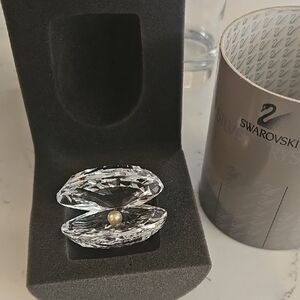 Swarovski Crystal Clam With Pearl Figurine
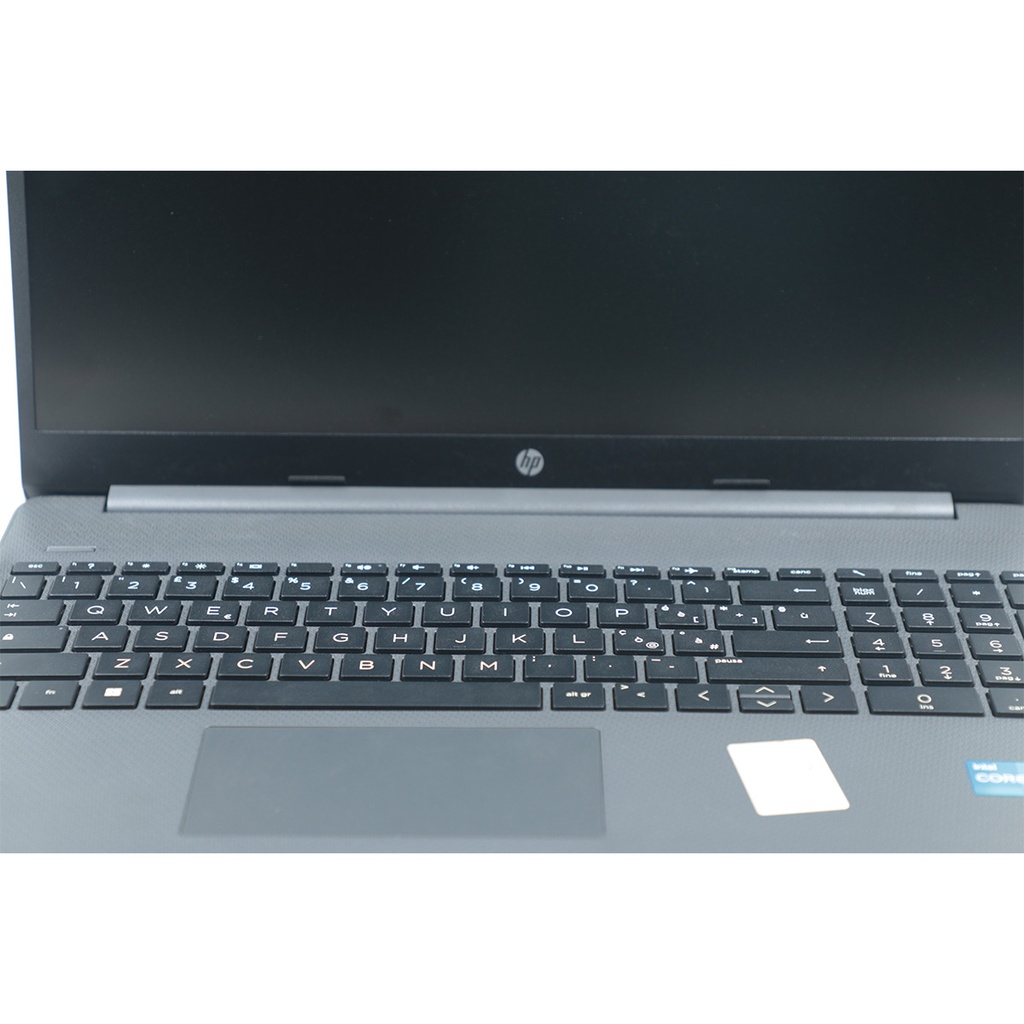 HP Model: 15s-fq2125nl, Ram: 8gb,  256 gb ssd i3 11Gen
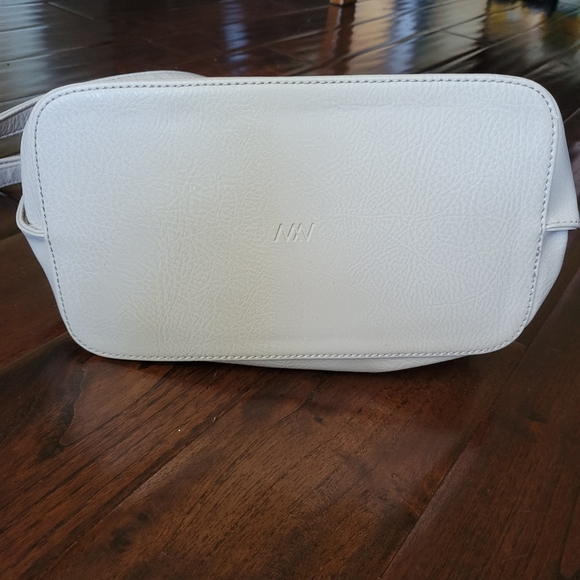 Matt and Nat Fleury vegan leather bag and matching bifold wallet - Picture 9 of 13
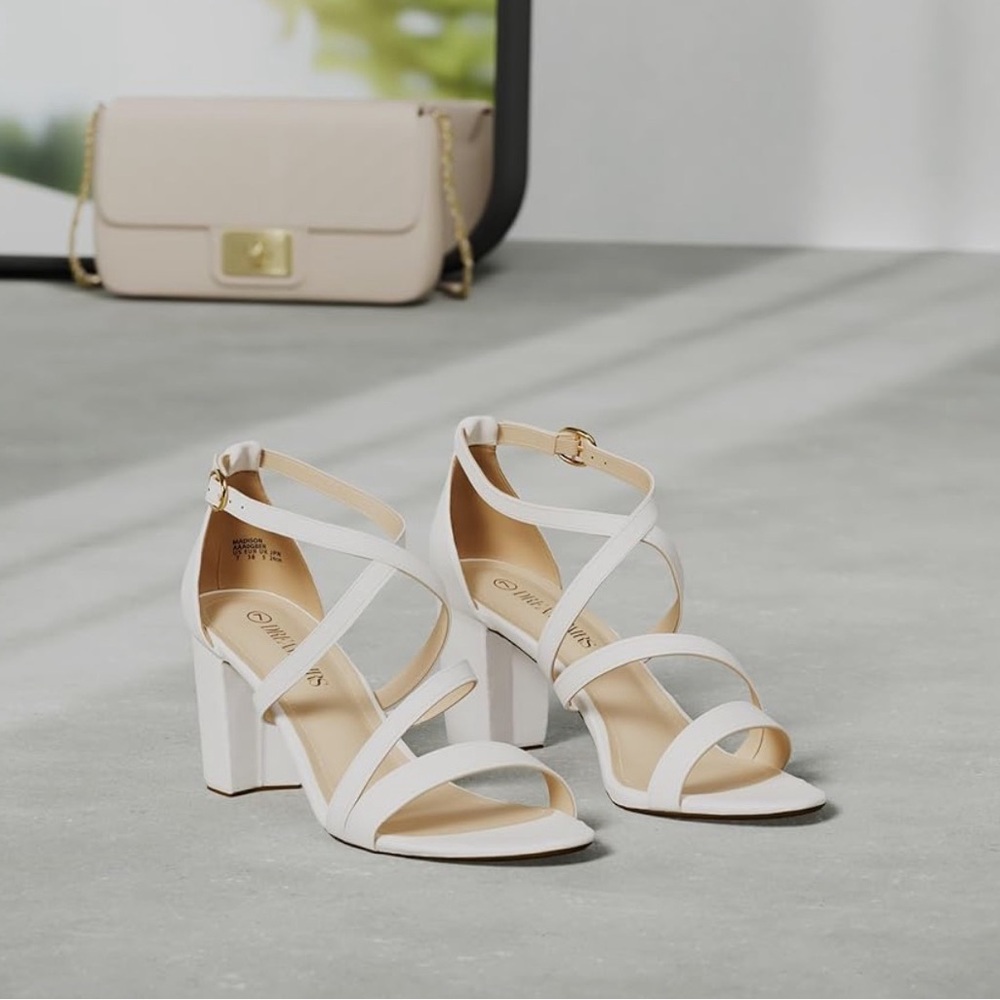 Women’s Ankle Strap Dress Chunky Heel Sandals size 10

---

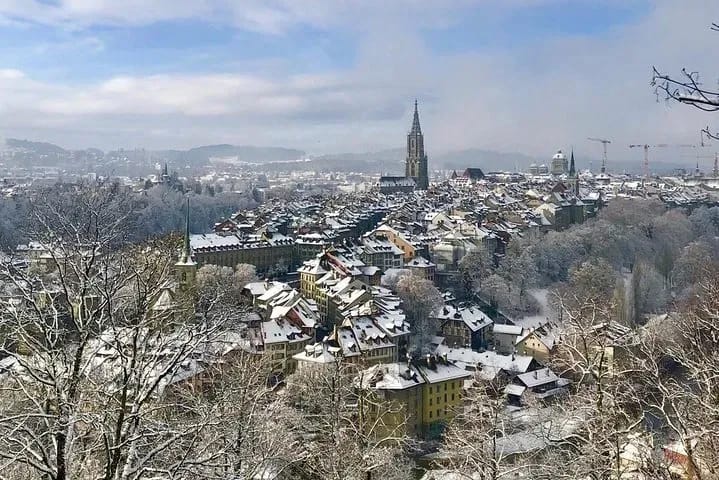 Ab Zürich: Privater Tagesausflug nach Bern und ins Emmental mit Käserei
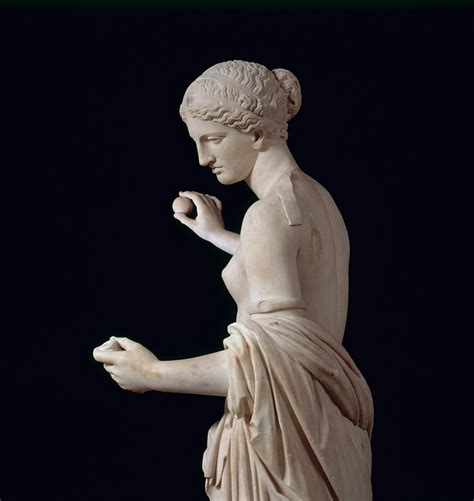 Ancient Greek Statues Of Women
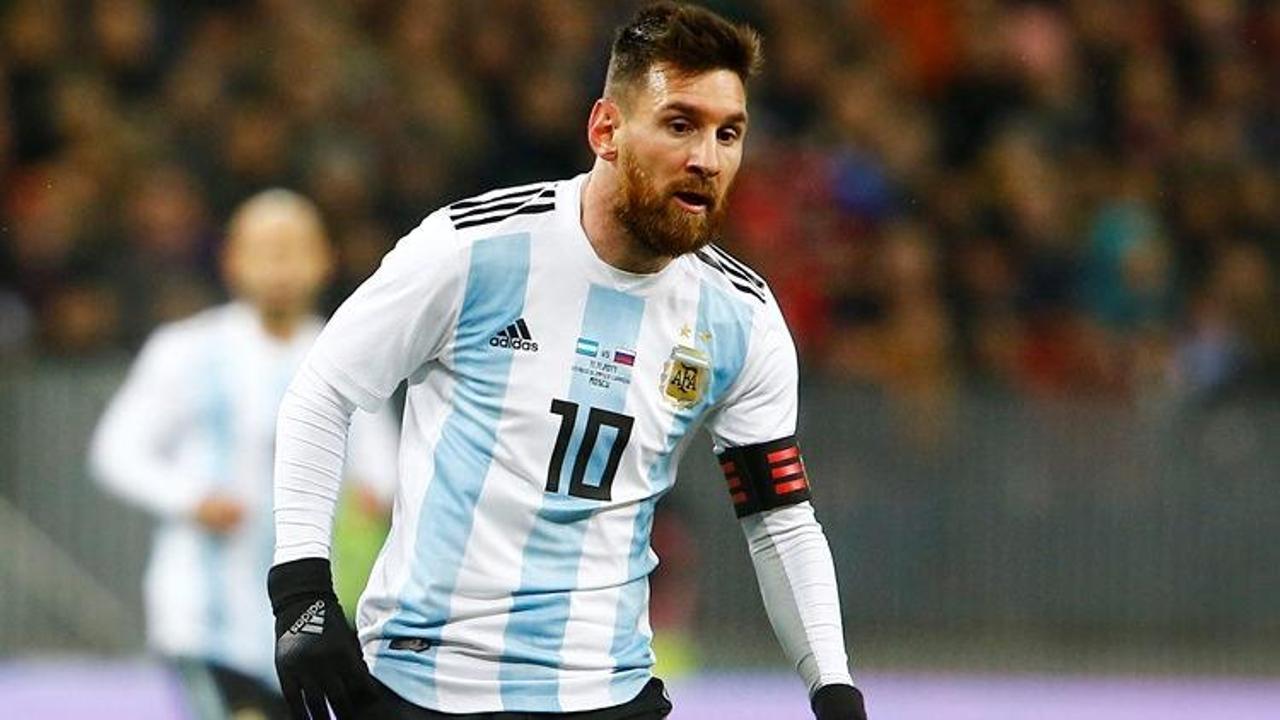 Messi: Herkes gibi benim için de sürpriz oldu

● **EXERCISE GOAL**:
Among the entries above, locate the line with "Swarovski Crystal Clam With Pearl Figurine" and the line with "Women’s Ankle Strap". Give those two lines and all lines between them again, exactly, leaving out the pictures.

● **TASK SOLUTION**:
 Swarovski Crystal Clam With Pearl Figurine
 HP Model: 15s-fq2125nl, Ram: 8gb,  256 gb ssd i3 11Gen
 Matt and Nat Fleury vegan leather bag and matching bifold wallet - Picture 9 of 13
 Women’s Ankle Strap Dress Chunky Heel Sandals size 10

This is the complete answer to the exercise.